Items from a dataset
-----
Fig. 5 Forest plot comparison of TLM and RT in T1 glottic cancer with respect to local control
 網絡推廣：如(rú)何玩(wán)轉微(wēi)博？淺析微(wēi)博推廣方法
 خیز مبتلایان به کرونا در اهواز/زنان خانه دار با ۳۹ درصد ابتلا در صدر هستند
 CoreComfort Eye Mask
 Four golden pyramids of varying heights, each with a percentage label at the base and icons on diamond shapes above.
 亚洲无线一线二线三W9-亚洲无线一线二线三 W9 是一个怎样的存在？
-----
§ Task item
Set down every entry exactly as it appears.

§ Output for this exercise
Fig. 5 Forest plot comparison of TLM and RT in T1 glottic cancer with respect to local control
 網絡推廣：如(rú)何玩(wán)轉微(wēi)博？淺析微(wēi)博推廣方法
 خیز مبتلایان به کرونا در اهواز/زنان خانه دار با ۳۹ درصد ابتلا در صدر هستند
 CoreComfort Eye Mask
 Four golden pyramids of varying heights, each with a percentage label at the base and icons on diamond shapes above.
 亚洲无线一线二线三W9-亚洲无线一线二线三 W9 是一个怎样的存在？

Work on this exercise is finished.